Johnny Ronan backed by UK Plc in bid to pay off debt

Supported by Development Securities as he fights to exit Nama

Developer Johnny Ronan is being backed by Development Securities, a €343 million British property investor listed on the London Stock Exchange, as he fights to finally exit Nama by repaying his personal company debts.

Mr Ronan, one of the most high-profile developers in Ireland's boom, has engaged with Nama in recent weeks in relation to his proposed bid to pay off his debts.

He has told the State property agency that Development Securities has expressed preliminary interest in buying out his debts at par, the only way a Nama developer can exit the agency.

The move follows discussions between Mr Ronan and Nama about the future of his personal property portfolio. Interest among international investors has surged for assets after Ireland's exit from the EU-IMF bailout.


Nama has put a number of loans books associated with individual developers up for sale in the last six months and it is thought to have considered taking this approach with Mr Ronan.

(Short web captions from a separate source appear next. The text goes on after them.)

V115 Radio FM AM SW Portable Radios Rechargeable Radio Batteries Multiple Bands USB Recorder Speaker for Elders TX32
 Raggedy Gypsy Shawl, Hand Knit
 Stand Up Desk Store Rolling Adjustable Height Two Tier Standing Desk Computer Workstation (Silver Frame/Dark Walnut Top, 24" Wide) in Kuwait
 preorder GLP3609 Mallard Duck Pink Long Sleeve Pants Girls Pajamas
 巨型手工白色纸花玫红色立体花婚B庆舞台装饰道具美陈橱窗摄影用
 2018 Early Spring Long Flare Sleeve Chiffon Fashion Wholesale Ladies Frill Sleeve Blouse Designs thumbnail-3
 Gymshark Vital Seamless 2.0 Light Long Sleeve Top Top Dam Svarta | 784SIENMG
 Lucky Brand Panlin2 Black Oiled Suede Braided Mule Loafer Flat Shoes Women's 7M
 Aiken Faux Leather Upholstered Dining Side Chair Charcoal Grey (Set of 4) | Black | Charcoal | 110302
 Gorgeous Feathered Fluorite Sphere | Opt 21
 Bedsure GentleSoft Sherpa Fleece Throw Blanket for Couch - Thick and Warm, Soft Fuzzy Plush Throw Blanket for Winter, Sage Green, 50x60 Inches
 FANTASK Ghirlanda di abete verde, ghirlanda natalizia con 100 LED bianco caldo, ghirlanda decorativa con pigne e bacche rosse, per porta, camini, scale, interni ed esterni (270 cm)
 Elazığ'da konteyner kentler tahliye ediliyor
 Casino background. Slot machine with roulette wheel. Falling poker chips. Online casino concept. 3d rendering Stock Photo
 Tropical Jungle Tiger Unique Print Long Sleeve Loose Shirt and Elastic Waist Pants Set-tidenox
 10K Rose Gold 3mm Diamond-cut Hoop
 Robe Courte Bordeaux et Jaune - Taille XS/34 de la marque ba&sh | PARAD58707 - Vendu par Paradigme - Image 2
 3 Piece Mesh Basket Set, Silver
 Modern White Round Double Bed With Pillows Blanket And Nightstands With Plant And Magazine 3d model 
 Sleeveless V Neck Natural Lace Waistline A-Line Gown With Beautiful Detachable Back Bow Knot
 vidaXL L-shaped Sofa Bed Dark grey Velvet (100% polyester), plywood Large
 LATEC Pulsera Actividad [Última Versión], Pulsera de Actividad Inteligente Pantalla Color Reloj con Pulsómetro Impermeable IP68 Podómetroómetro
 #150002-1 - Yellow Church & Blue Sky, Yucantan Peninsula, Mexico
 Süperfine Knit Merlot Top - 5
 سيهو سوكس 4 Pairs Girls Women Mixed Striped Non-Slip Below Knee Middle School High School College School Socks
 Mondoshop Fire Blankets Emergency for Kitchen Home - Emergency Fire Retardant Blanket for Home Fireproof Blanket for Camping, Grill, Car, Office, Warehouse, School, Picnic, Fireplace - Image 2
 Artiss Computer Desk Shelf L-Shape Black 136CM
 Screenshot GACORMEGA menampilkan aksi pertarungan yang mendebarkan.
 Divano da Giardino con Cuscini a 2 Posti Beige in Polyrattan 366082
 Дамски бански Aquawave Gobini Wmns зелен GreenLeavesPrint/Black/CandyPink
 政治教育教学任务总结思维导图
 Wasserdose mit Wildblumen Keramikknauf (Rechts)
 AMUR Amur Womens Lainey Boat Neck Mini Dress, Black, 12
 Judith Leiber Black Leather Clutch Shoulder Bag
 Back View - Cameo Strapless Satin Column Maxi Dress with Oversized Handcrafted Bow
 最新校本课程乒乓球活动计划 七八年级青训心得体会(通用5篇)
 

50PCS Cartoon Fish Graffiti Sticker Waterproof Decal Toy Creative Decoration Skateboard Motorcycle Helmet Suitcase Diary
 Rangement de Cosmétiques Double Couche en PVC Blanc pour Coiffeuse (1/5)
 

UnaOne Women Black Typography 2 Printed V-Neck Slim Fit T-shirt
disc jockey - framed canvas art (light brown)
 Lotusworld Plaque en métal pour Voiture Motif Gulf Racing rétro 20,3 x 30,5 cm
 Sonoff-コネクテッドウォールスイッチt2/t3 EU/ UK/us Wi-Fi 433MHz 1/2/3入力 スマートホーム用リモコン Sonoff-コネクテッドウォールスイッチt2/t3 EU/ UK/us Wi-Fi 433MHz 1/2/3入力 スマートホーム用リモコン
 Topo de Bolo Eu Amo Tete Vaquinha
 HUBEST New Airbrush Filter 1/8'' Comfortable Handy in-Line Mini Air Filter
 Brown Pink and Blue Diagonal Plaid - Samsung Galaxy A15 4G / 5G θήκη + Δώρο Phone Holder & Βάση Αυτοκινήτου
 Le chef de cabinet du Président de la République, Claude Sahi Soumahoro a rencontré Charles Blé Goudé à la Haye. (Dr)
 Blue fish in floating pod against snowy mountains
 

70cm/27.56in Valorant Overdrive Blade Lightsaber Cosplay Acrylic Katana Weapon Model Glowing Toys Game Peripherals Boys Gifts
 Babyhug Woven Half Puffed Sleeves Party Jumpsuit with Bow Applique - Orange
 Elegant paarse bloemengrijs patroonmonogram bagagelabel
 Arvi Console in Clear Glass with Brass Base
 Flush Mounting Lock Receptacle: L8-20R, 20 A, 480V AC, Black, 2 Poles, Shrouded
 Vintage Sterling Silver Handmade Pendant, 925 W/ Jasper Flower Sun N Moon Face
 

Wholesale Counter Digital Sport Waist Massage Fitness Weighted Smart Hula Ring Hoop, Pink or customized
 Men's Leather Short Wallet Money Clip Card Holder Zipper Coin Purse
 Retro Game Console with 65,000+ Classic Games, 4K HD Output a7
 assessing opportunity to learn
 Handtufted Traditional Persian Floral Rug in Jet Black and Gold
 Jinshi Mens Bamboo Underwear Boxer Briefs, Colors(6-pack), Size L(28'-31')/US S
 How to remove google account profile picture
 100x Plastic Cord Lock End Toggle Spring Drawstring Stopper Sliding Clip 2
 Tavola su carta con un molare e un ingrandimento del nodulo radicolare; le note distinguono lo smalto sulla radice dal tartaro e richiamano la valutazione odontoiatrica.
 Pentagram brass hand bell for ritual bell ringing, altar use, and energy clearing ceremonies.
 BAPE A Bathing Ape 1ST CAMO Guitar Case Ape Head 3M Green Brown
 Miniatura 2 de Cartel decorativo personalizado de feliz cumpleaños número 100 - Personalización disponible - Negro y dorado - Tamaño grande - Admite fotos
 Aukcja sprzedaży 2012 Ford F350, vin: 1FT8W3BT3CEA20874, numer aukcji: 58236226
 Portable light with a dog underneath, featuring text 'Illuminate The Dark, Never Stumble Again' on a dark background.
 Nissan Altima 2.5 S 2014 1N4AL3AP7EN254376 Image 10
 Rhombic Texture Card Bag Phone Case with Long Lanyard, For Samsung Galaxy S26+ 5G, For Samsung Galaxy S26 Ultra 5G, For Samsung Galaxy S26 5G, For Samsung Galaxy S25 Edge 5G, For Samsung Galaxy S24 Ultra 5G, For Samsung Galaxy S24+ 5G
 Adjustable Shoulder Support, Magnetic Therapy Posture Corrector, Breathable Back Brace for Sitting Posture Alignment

Development Securities was founded in 1993 and its experienced management team has a track record in funding projects by itself and with larger investment funds. A spokesperson for Development Securities did not respond to requests for comment. Mr Ronan could not be contacted.

Prime Dublin offices

Mr Ronan’s personal and private company related debt totals about €250 million.

His assets include prime Dublin offices including Treasury Buildings, which houses Nama and the developer's own private office, as well as Connaught House, which is occupied by the former Anglo Irish Bank. He also owns the building which houses Bewley's on Grafton Street.

In 2011 Mr Ronan's main company Treasury Holdings was placed into receivership by Nama on foot of debts of more than €1 billion, but he was allowed to continue to manage his personal property portfolio.

Mr Ronan recently launched a website called the Ronan Group, outlining his record as a developer.